Kindermord vor laufender Kamera
Deutschland. Der Fall sorgt in der Bundesrepublik für Entsetzen: Ein 19-Jähriger erstach einen Nachbarsbuben. Danach brüstete er sich im Internet mit der Tat, lud Fotos und ein Video hoch.
Berlin/Hernes. Mordermittler haben schon viel gesehen. Aber an diesem Dienstag „waren sie fassungslos“, wie Nordrhein-Westfalens Innenminister Ralf Jäger mitteilte. Er selbst könne sich an keinen vergleichsweisen Fall erinnern, bei dem der Täter „den Mord filmt und veröffentlicht“. Denn genau das war geschehen, in Herne, einer 155.000 Einwohner-Stadt im Ruhrgebiet. Als Jäger spricht, ist der Mörder des neunjährigen Buben noch auf der Flucht. Spürhunde durchkämmen die Gegend, Hubschrauber kreisen. Die Fahndung erstreckt sich über das gesamte Ruhrgebiet. Alles sucht nach dem 19-jährigen Marcel H., dem mutmaßlichen Kindermörder, der im sogenannten „Darknet“, einem abgeschirmten Bereich des Internets, mit der Bluttat geprahlt, Bilder und ein Video hochgeladen hat.

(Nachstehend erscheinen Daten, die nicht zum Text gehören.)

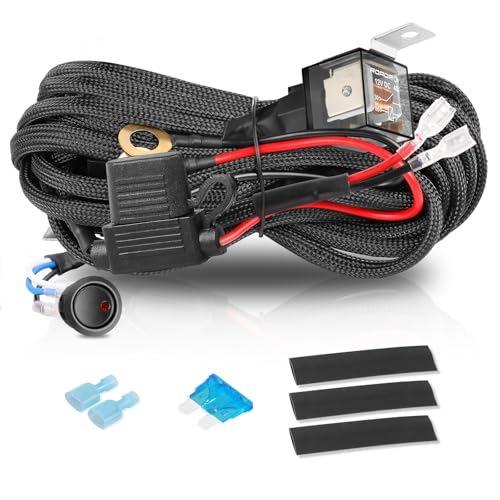 Wiring Harness 1 Lead, ACEC SHOP Light Bar Wiring Harness 12V 40A Rocker Switch Relay Fuse Nylon Wiring Harness Kit for Light Bars Work Lights Fog Lights Rock Lights for Truck UTV ATV Car Boat - style: 1 Lead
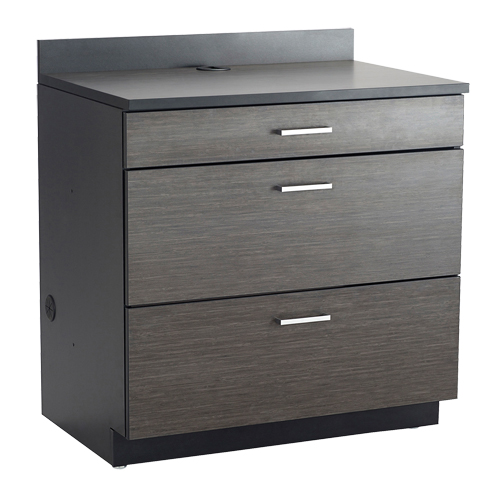 Armoire modulaire de base, 3 tiroirs, 36" la x 25" p x 39" h, Nuit d'Asie/noir Pryde Industrial Inc.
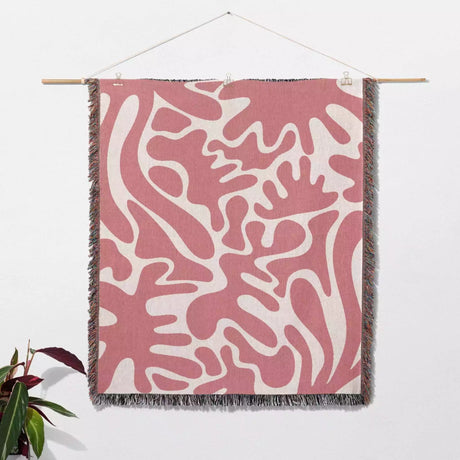 Matisse Inspired Lighter Red Woven Throw Blanket and Tapestry - DesignerOllie.com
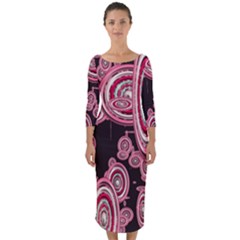 Concentric Circles C Quarter Sleeve Midi Bodycon Dress by PatternFactory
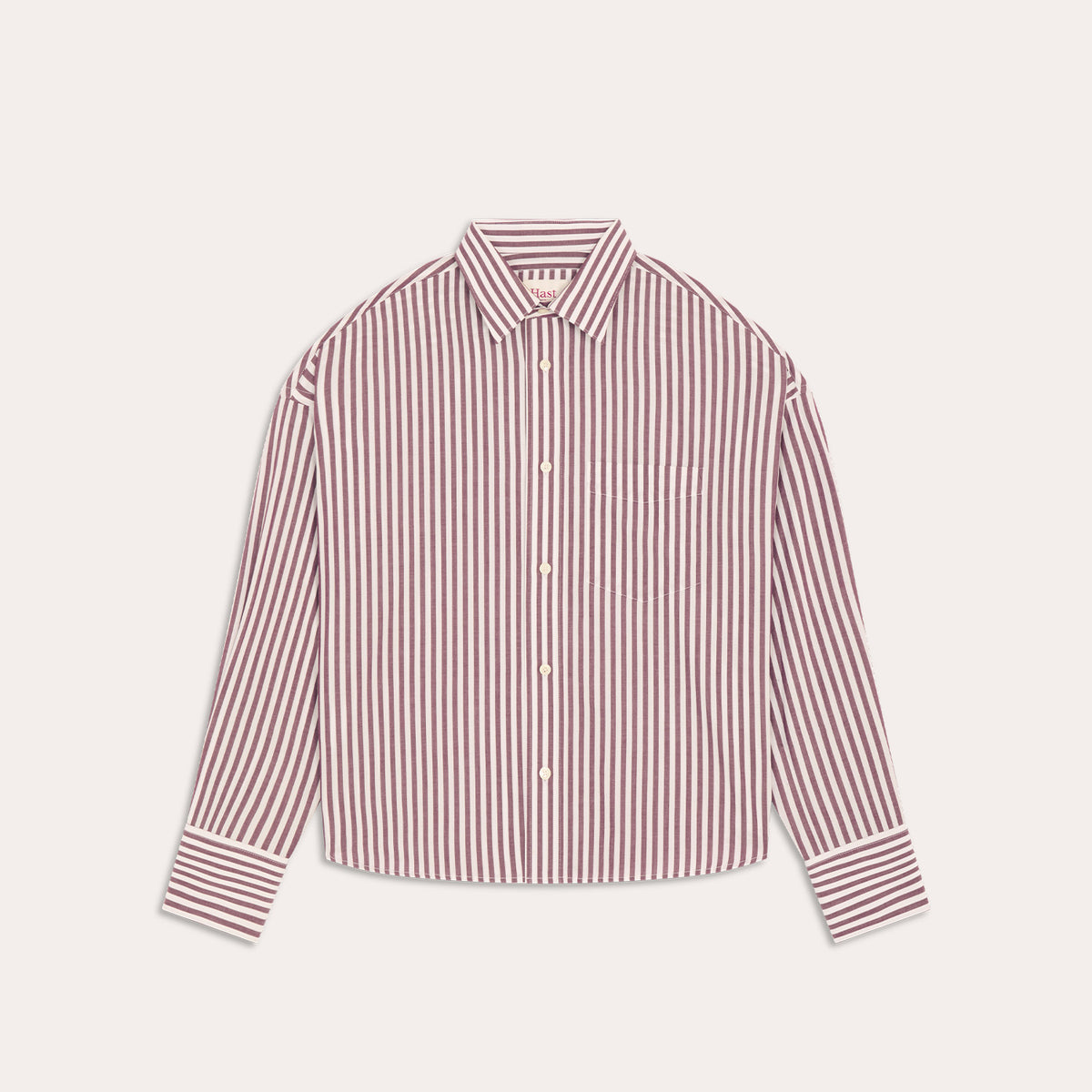 Burgundy striped cotton shirt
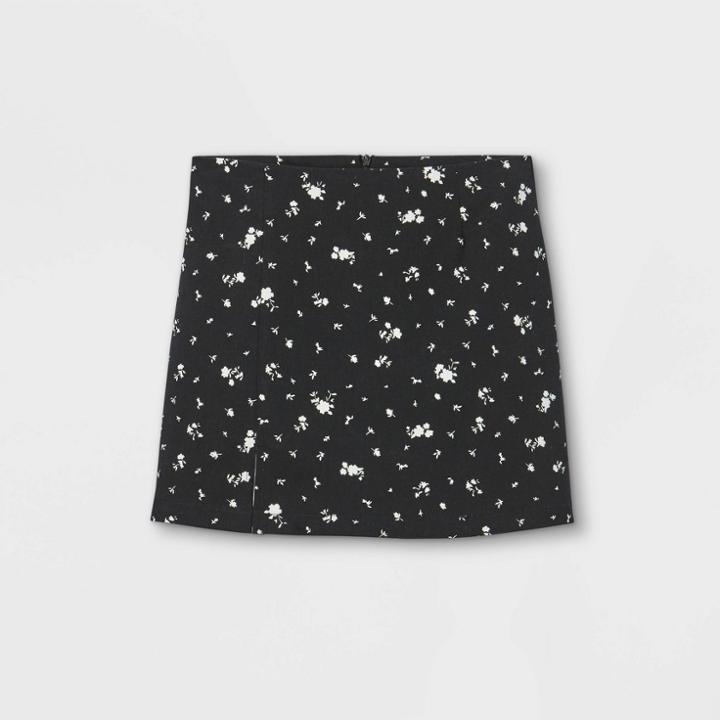 Girls' Notch Front A-line Skirt - Art Class Black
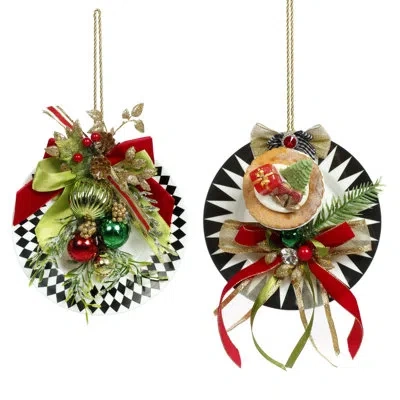 Mark Roberts Plate With Cup Ornament - 6.5 Inches  Set Of 2 In Black;white;green;red;gold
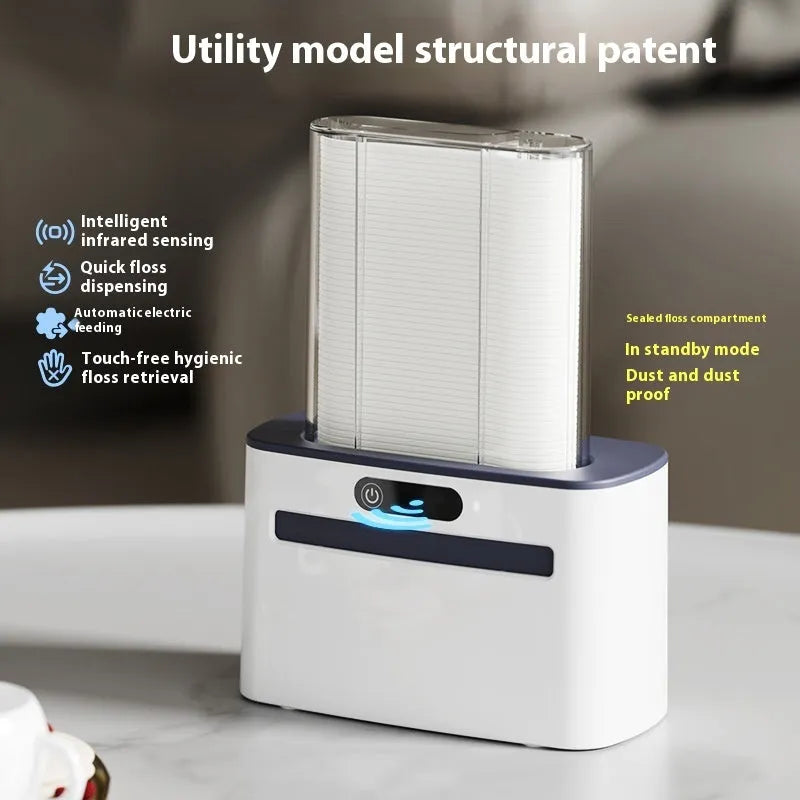 Intelligent induction automatic dental floss box in dark grey, gold, or light grey with rechargeable battery.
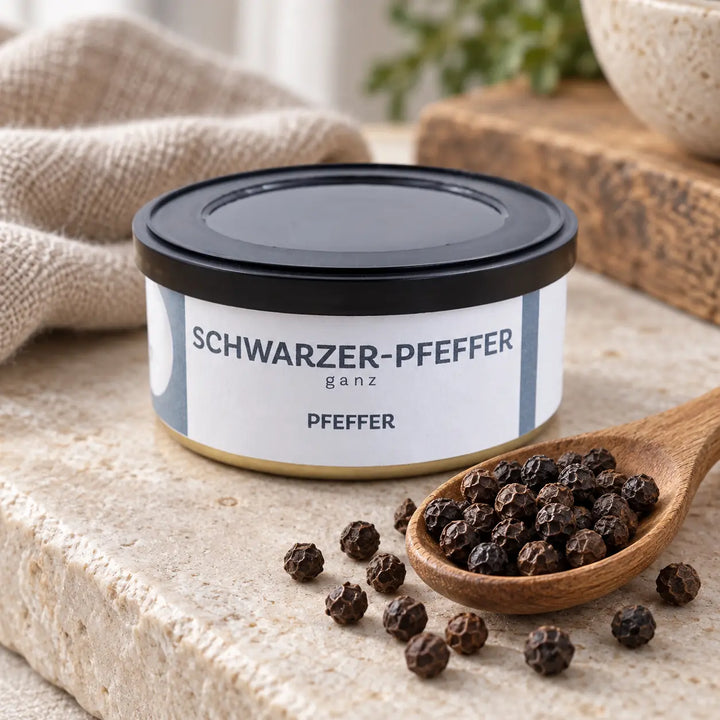 Ganze schwarze Pfefferkörner mit runzeliger Oberfläche auf einem Holzlöffel vor der Originaldose im Detail.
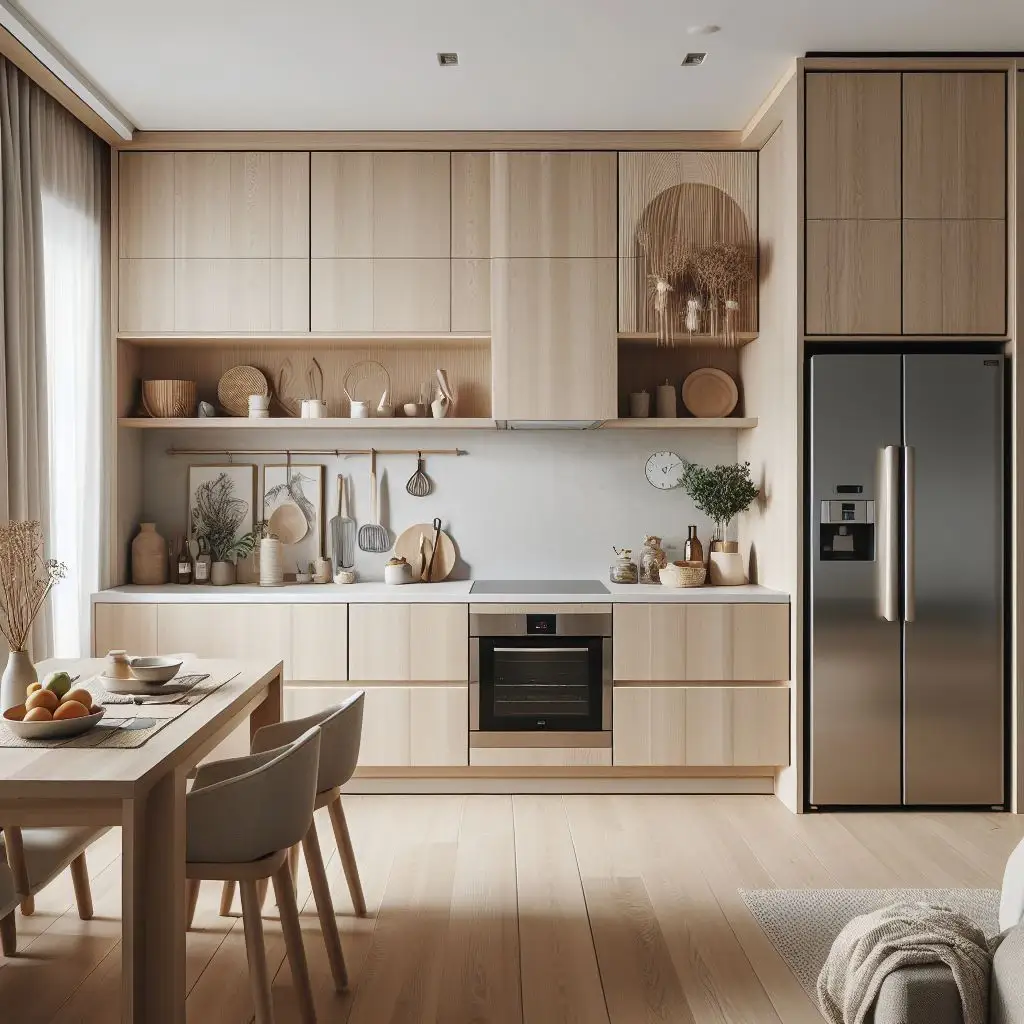 japandi kitchen with Built-In Kitchen Appliances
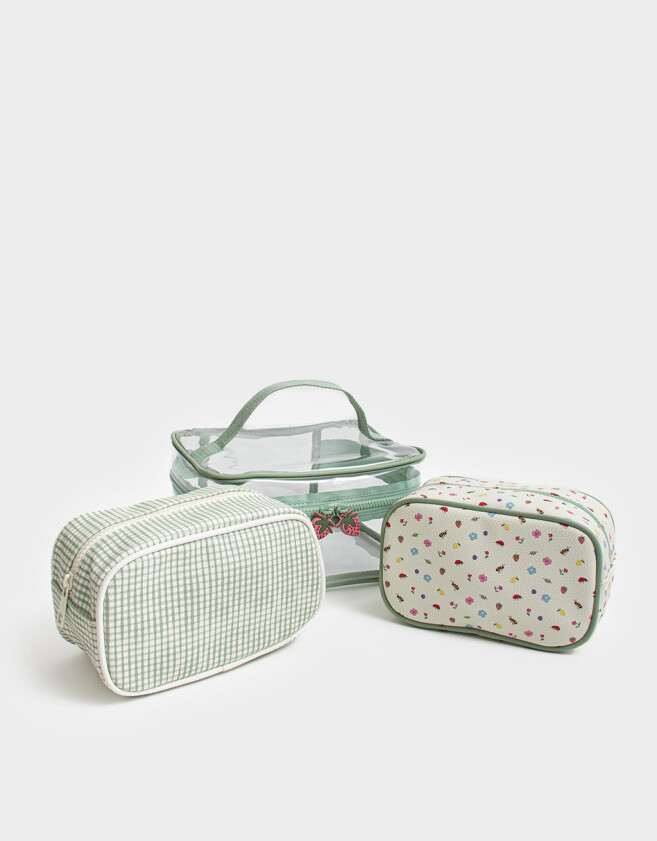 Porta Cosméticos Set De Portacosméticos Flores - Estampado Flores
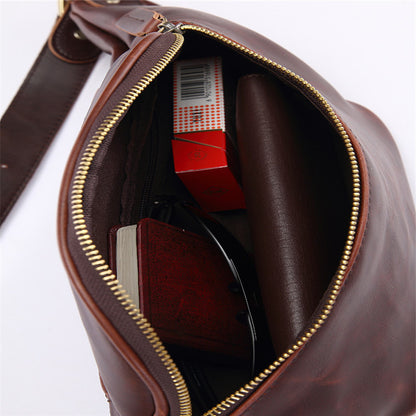 Men's Retro Crossbody Bag – Crazy Horse PU Leather Waist & Shoulder Bag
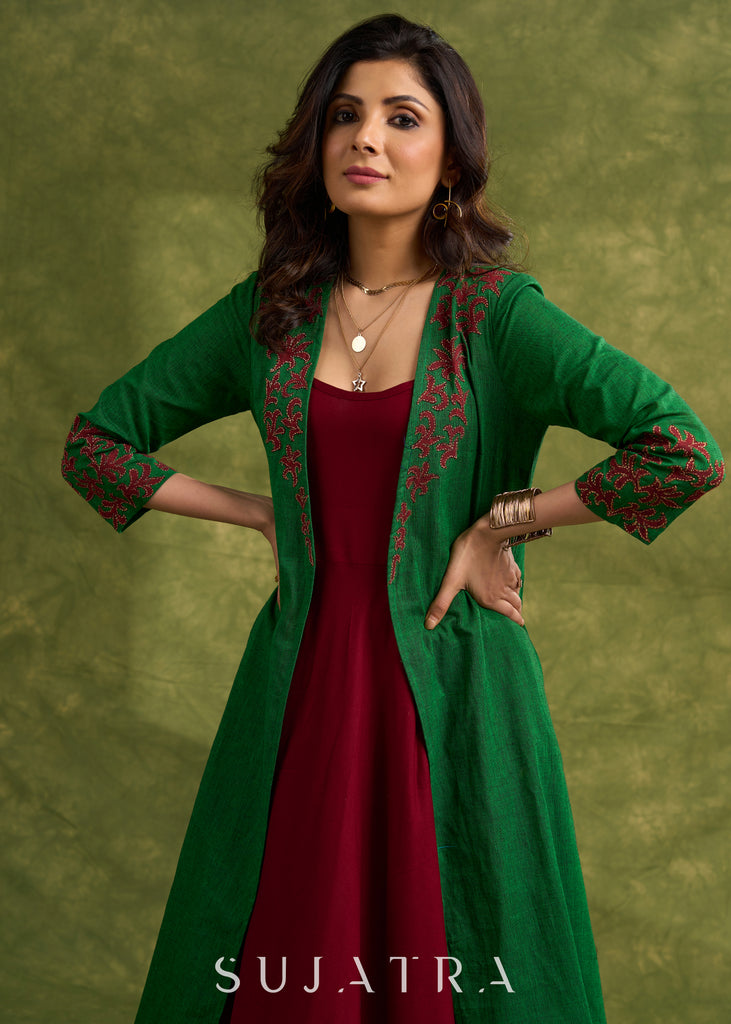 Hand Crafted Emerald Green Cotton Shrug With Vibrant Maroon Applique Accents Dress Optional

Durch diese Bilder kam die Polizei dem Verbrechen erst auf die Spur: Ein „Darknet“-Nutzer hatte sie alarmiert. Er soll H. und den Tatort, eine Reihenhausanlage, erkannt haben. Am Montag, gegen 20.30 Uhr dann fanden Polizisten den Neunjährigen im Keller des Hauses von H. Er wurde erstochen. Der Bub und sein Mörder lebten „Tür an Tür“, wie die Polizei später mitteilte.
Nach und nach dringt an die Öffentlichkeit, wie perfid der 19-Jährige vorging: Vor und nach der Tat hatte er im „Darknet“gechattet, wie mehrere deutsche Medien berichteten. Demnach schrieb er zunächst, dass er vom Rotwein betrunken sei und äußerte Suizidgedanken. Nach der Bluttat lud H. ein Video hoch, über dessen Inhalt die Ermittler zunächst nichts sagen wollten. H. veröffentlichte auch Bilder. Sie zeigen ihn mit Brille und kurzrasierten blonden Haaren. Den Kampfsportler, der er nach Angaben der Polizei ist, sieht man ihm nicht an. Auf einer Aufnahme grinst der 19-Jährige in die Kamera und hält dabei ein blutverschmiertes Messer in der Hand, mit dem er den Buben ermordet hat. Vor allem aber soll er in dem Chat auch eine weitere Tat angedeutet haben. Die Polizei jedenfalls warnt vor dem 19-Jährigen.
Die Polizei zeichnete gestern das Bild eines Außenseiters, der wenig soziale Kontakte pflegte. Zuletzt war H. arbeitslos. Mit dem Gesetz kam der 19-Jährige noch nicht in Konflikt: Er sei „absolut unvorbelastet“, teilte die Polizei mit. H. sei 1,75 Meter groß und trage möglicherweise Tarnkleidung, so die Polizei. Wer den 19-Jährigen sieht, soll ihn nicht ansprechen.
Die dunkle Seite des Internet
Der Fall wirft erneut ein Schlaglicht auf das „Darknet“, also jenen Teil des Internets, zu dem sich Nutzer über eine Anonymisierungssoftware Zugang verschaffen. Und davon machen eben auch Kriminelle Gebrauch. Im Schutz der Anonymität betreiben sie illegale Waffen- oder Drogengeschäfte. Zugleich schützt das Darknet aber auch Unbescholtene, die ihre Privatsphäre wahren wollen oder politisch Verfolgte.
Es dauerte übrigens nicht lang, bis die blutigen Bilder aus dem „Darknet“im frei zugänglichen Bereich des Internets auftauchten. Nordrhein-Westfalens Innenminister appellierte jedenfalls, das Video nicht weiterzuverbreiten. Er tat das sicher aus Rücksicht auf die Angehörigen. Aber wohl auch wegen Nachahmergefahr.